Two properties worth separating clearly. The AWS SQS documentation covers both in detail, but the practical implications for webhook workloads deserve examination.

Exactly-once processing within a 5-minute deduplication window. When you send a message with a MessageDeduplicationId, any subsequent message with the same ID sent within 5 minutes of the original is silently discarded. Not rejected with an error. Silently dropped. From the consumer's perspective, only one message was ever in the queue.

Content-based deduplication is the alternative: you enable it on the queue, and SQS computes a SHA-256 hash of the message body to use as the deduplication ID automatically. Useful when the message body itself is the canonical form of the event and you do not have a natural ID to supply.

Strict ordering per message group. Messages with the same MessageGroupId are delivered in the order they were sent, and only one message in a group is processed at a time. Different message groups are processed in parallel. This is the right primitive for webhook workloads where order matters within a customer (subscription state machine transitions) but not across customers.

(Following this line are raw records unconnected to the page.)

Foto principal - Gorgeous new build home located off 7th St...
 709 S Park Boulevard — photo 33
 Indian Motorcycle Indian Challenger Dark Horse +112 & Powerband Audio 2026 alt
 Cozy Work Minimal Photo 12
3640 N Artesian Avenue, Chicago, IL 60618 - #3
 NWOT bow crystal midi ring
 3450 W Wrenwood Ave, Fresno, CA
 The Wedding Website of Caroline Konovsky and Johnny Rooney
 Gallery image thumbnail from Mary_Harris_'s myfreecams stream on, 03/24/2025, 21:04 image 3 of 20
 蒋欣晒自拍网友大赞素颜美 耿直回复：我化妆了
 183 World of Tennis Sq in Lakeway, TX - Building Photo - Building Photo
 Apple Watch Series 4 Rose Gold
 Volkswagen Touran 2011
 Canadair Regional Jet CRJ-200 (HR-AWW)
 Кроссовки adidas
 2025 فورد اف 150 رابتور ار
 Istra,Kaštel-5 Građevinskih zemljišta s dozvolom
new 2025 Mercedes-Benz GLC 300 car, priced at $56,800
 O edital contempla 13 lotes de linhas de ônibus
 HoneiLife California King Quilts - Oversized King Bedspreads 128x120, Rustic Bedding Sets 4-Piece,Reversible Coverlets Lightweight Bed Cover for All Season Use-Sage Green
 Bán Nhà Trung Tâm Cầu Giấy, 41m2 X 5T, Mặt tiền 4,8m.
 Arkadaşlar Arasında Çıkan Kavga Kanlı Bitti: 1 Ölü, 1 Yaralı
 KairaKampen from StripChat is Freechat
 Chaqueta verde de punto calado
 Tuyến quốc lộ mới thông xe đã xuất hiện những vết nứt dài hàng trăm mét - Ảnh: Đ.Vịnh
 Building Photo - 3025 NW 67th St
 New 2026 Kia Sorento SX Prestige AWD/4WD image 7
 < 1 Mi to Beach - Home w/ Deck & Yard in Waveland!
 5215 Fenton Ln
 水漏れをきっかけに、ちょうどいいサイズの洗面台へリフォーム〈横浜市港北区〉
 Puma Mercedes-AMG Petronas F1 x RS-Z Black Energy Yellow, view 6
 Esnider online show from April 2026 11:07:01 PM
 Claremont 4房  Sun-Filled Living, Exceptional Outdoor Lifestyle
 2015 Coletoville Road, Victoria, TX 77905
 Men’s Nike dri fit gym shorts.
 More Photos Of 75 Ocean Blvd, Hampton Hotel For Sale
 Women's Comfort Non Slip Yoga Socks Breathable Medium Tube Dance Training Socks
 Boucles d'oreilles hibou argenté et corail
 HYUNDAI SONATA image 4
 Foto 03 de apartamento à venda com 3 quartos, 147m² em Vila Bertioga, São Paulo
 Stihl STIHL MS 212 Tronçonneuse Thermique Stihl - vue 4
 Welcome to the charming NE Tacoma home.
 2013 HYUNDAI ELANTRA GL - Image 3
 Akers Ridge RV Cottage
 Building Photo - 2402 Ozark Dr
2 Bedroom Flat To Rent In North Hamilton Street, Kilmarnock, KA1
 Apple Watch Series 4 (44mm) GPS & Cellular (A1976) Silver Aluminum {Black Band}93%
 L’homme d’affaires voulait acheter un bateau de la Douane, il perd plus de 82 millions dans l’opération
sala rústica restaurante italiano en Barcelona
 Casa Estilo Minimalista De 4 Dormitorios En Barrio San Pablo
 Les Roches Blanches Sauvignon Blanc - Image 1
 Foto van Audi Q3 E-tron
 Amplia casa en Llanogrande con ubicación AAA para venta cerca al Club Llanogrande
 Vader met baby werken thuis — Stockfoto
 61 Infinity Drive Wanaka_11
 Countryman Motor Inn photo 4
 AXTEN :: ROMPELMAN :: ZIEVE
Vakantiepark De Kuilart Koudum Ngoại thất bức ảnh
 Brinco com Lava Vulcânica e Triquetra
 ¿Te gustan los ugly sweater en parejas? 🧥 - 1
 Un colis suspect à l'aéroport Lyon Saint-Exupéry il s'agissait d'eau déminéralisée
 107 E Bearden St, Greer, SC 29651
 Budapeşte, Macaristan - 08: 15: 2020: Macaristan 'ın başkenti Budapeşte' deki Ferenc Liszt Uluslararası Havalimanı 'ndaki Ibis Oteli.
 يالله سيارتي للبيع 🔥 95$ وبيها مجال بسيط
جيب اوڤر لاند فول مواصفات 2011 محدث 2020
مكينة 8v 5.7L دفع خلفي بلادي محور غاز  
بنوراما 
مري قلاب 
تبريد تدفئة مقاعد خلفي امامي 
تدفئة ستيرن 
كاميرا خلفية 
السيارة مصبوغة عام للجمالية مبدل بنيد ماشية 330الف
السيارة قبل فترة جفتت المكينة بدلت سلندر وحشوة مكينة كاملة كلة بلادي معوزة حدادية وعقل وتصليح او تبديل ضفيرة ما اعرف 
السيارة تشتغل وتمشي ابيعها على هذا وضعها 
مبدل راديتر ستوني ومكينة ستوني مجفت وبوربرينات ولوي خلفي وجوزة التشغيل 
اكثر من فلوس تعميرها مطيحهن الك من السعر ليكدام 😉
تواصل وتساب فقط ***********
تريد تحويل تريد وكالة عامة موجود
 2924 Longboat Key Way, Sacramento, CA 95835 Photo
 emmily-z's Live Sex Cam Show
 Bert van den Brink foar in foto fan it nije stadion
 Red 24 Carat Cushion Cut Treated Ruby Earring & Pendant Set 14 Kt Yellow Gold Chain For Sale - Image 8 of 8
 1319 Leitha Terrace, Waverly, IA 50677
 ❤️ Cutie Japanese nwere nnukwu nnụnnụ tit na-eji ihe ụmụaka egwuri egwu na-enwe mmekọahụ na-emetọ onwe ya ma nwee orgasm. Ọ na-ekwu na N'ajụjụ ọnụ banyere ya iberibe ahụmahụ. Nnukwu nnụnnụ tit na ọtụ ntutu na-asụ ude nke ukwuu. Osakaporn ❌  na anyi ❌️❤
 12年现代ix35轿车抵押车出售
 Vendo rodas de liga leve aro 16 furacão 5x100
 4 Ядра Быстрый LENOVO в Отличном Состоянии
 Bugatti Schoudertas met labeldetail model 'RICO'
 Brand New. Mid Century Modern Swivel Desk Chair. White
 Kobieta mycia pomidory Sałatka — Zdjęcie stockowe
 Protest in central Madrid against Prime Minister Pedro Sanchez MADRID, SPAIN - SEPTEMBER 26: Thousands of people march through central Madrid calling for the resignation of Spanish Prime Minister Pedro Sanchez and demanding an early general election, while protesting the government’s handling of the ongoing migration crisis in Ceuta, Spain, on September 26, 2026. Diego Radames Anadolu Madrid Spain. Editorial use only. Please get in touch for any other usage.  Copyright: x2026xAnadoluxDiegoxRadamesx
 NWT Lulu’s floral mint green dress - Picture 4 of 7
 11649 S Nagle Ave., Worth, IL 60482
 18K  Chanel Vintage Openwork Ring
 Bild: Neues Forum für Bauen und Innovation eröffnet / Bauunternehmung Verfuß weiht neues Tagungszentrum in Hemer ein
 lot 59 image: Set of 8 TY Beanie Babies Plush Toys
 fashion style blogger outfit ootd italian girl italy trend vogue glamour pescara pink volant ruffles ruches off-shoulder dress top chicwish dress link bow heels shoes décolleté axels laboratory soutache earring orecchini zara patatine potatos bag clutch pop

import { SQSClient, SendMessageCommand } from "@aws-sdk/client-sqs";

const client = new SQSClient({ region: "us-east-1" });

async function enqueueWebhookEvent(event: WebhookEvent): Promise<void> {
  await client.send(new SendMessageCommand({
    QueueUrl: process.env.FIFO_QUEUE_URL!,
    MessageBody: JSON.stringify(event),

    // Order events per customer — subscription state transitions stay sequential
    MessageGroupId: event.customerId,

    // Deduplicate by Stripe's idempotency key — survives their 24h retry window
    // (Note: SQS dedup window is 5 minutes; see below for what this does not cover)
    MessageDeduplicationId: event.stripeEventId,
  }));
}

The throughput ceiling for FIFO queues is 3,000 messages per second with batching. For most webhook workloads this is not a constraint. If you hit it, you are probably in a category where you need a different architecture anyway.

SQS FIFO vs RabbitMQ: What Each Actually Wins

RabbitMQ is a serious message broker. It has been in production since 2007. The core model — producers publish to exchanges, exchanges route to queues, consumers ack — is elegant and flexible.

RabbitMQ's strengths:

At-least-once delivery with explicit consumer acknowledgment. A message stays in the queue until the consumer sends an ack. If the consumer crashes, the message is requeued. You control the ack behavior — you can nack with or without requeue, implement selective processing, route to dead letter exchanges on repeated failure.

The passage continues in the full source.